**DATA EXTRACTS**

◇ ◇ ◇ ◇

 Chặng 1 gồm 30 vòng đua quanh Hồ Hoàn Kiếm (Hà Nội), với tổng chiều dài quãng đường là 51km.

◇ ◇ ◇ ◇

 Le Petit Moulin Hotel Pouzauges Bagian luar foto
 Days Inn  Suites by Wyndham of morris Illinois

◇ ◇ ◇ ◇

**EXERCISE INSTRUCTIONS**
Output the lines of the records above exactly as they appear, from the line containing "Le Petit Moulin" through the line containing "of morris Illinois".

**ANSWER BOX**
 Le Petit Moulin Hotel Pouzauges Bagian luar foto
 Days Inn  Suites by Wyndham of morris Illinois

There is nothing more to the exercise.